Selecting the Number of Components#

Choosing the right number of components is critical. Too few components underfit (miss important structure), too many overfit (model noise).

PRESS Cross-Validation#

The PCA.select_n_components() class method uses Predicted Residual Error Sum of Squares (PRESS) with K-fold cross-validation:

  1. For each candidate number of components (1, 2, …, max): - Split data into K folds - Fit PCA on K-1 folds, predict the held-out fold - Compute prediction error (PRESS)

  2. Apply Wold’s criterion: stop when adding a component does not meaningfully reduce PRESS (ratio > threshold)

from process_improve.multivariate.methods import PCA, MCUVScaler

X_scaled = MCUVScaler().fit_transform(X)

result = PCA.select_n_components(
    X_scaled,
    max_components=10,
    cv=7,  # 7-fold cross-validation
    threshold=0.95,  # Wold's criterion threshold
)

print(f"Recommended components: {result.n_components}")
print(f"PRESS values: {result.press}")
print(f"PRESS ratios: {result.press_ratio}")

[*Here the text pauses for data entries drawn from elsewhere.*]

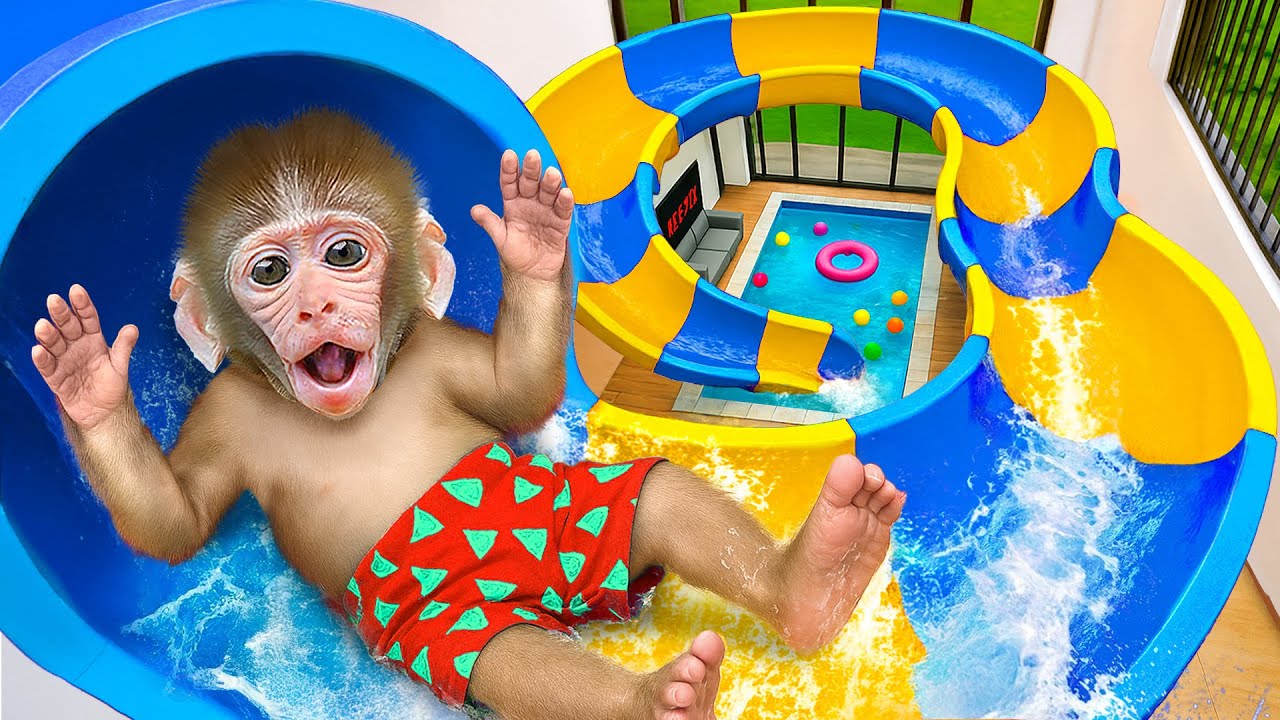 KIKI Monkey Challenges the Water Slides & has fun with Ducklings in Swimming Pool | KUDO ANIMAL KIKI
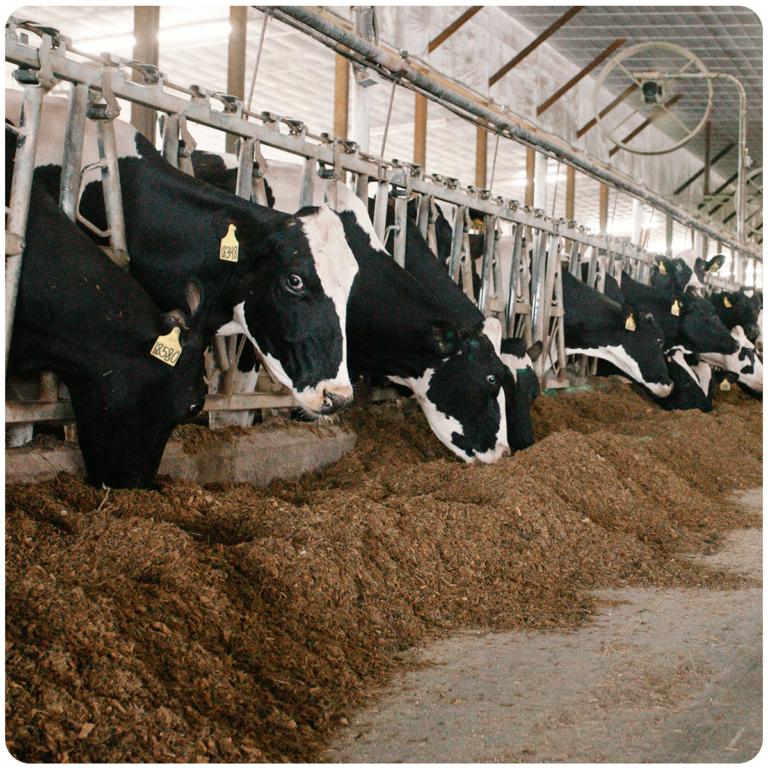 A row of holstein cattle grazing and feeding on soft piles of corn and grain mixture in a barn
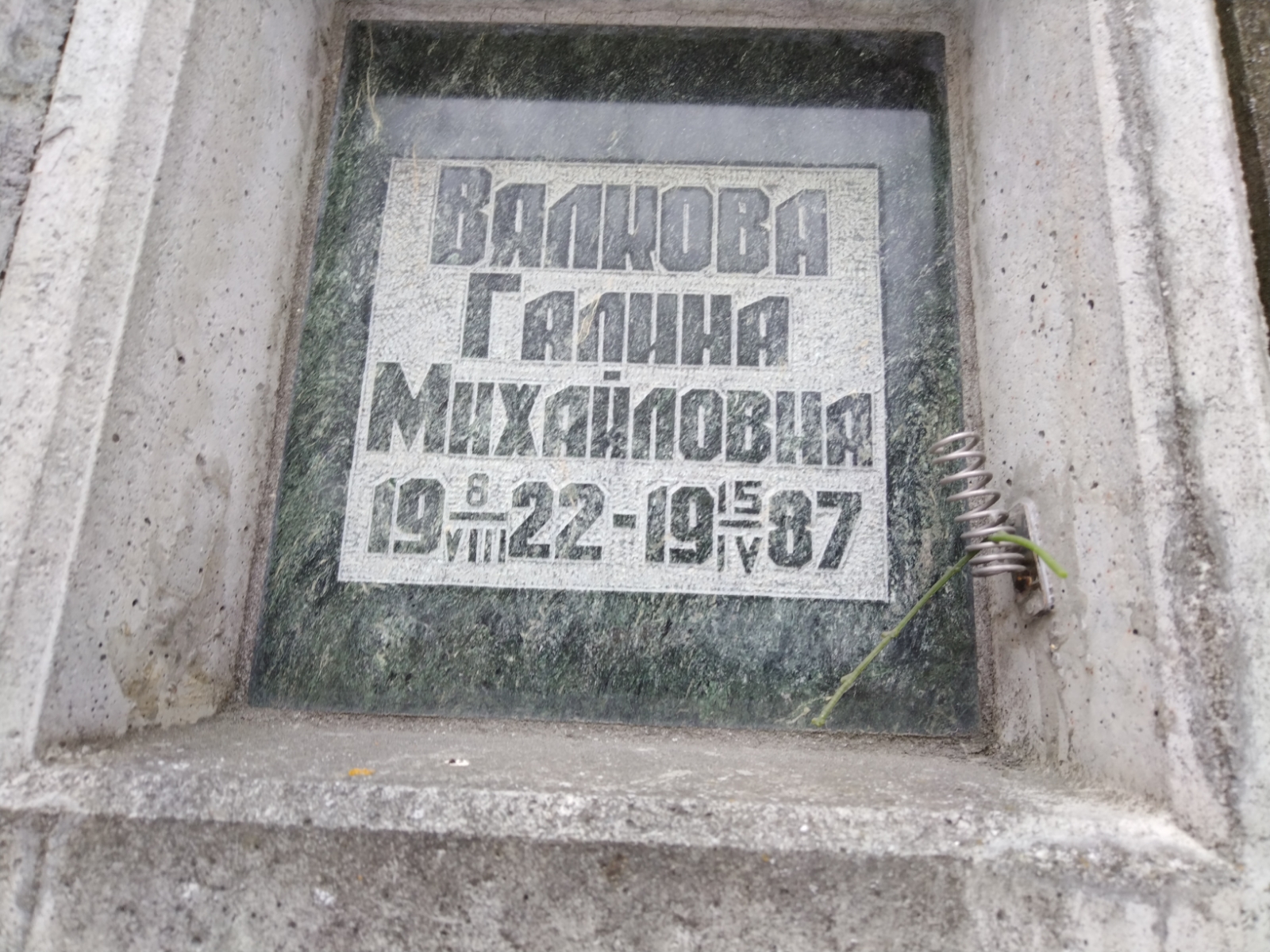 Вялкова Галина Михайловна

The result is a Bunch with:

  • n_components: recommended number of components

  • press: PRESS value for each number of components

  • press_ratio: ratio PRESS_a / PRESS_{a-1} (values > threshold suggest overfitting)

  • cv_scores: raw cross-validation scores per fold

Wold’s Criterion#

The default threshold of 0.95 means: stop adding components when the PRESS ratio exceeds 0.95. A ratio close to 1.0 means the new component barely improves prediction - it is likely fitting noise.

Lower thresholds (e.g., 0.90) are more conservative (fewer components). Higher thresholds (e.g., 0.98) are more liberal (more components).